Candidature multiple
Ai candidati capolista, quelli bloccati il cui nome è stampato sulla scheda al fianco del simbolo, sarà concesso di candidarsi in più collegi, fino a un massimo di dieci. È invece vietata la candidatura in più collegi per chi concorre alle preferenze. La norma è controversa perché - notano soprattutto Sel e 5 stelle - sarà poi il pluricandidato, scegliendo il collegio d’elezione, a decidere quale deputato far scattare con il meccanismo delle preferenze. Ugo Sposetti, del Pd, per provocare, e gli Ncd, serissimi, partendo da questo meccanismo stanno proponendo di modificare questo punto eliminando il limite alla candidature multiple. La teoria è semplice: se un leader può candidarsi in tutti e 100 i collegi, dovendone scegliere poi uno solo d’elezione, farebbe scattare poi solo candidati votati con le preferenze.
Soglia di sbarramento
È una delle concessioni più significative che Matteo Renzi e Silvio Berlusconi hanno fatto alla minoranza dem e ad Angelino Alfano. La soglia di sbarramento è fissata al 3 per cento, ed è quindi ridotta rispetto a quella votata dalla Camera. La prima bozza di Italicum indicava addirittura l’8 per cento per le liste e il 12 per le coalizioni. La misura fa felice anche la minoranza di Forza Italia di Raffaele Fitto: se il rapporto con Berlusconi dovesse restare così teso, infatti, si può sempre provare ad uscire in mare aperto.
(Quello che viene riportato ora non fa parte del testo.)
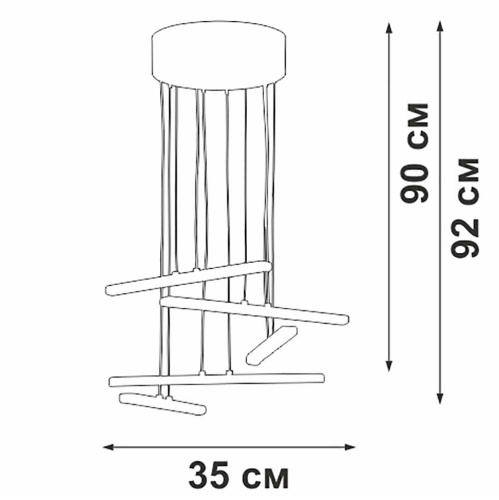 Подвесной светильник Vitaluce V3046-0/5S Подвесной светильник Vitaluce V3046-0/5S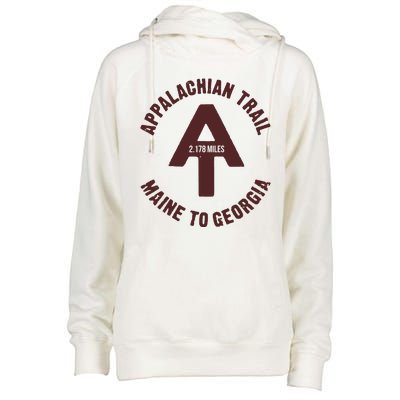 Appalachian Trail T Shirt Vintage Hiking Camping T Shirt Womens Funnel Neck Pullover Hood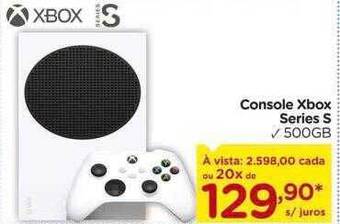 Carrefour Console xbox series s 500gb oferta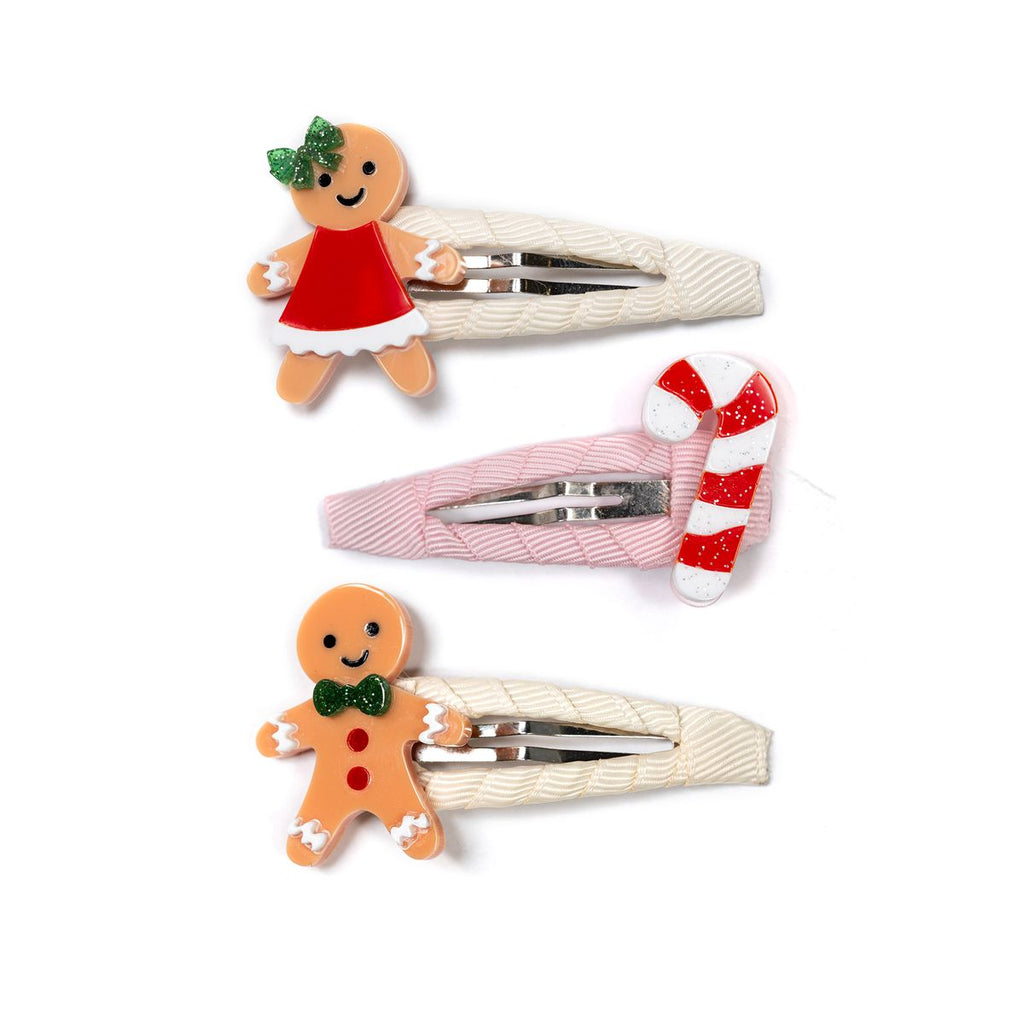 Lilies & Roses Gingerbread Candy Cane Snap Clips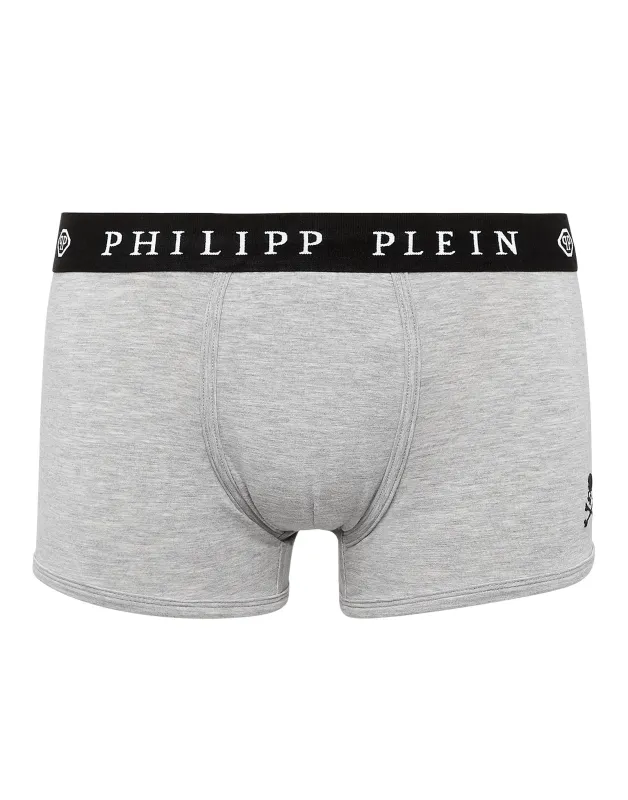 Philipp Plein Man Boxer Bipack Grey made by Siebentaschen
Ad attenderli potrebbero esserci gli alfaniani, per cui vale lo stesso discorso: «È un bene che la legge con il premio di maggioranza spinga al bipartitismo» ha detto all’Espresso Roberto Formigoni, «ma ottenendo l’abbassamento delle soglie ci siamo svincolati dai ricatti di Berlusconi».
Niente primarie per legge
Il caso delle primarie liguri non è bastato. Vari emendamenti chiedevano di inserire le primarie nella legge elettorale, con la conseguente regolamentazione, ma sono stati bocciati. L’ultimo è quello della senatrice Lucrezia Ricchiuti, del Pd, ma civatiana: la maggioranza del Nazareno ha detto no in maniera compatta, 170 contrari, al Senato.
Entrata in vigore
La principale novità introdotta dal maxi emendamento del senatore Esposito, approvato dal Senato, è comunque la disposizione sull’entrata in vigore della legge elettorale. Le norme qui spiegate non saranno infatti valide fino al primo luglio 2016. Solo dopo entrerà in vigore l’Italicum. La data serve a Matteo Renzi per, quando minaccia elezioni anticipate, ricordare che si andrà con il consultellum. A Silvio Berlusconi, invece, dovrebbe garantire più tempo per riorganizzare il centrodestra.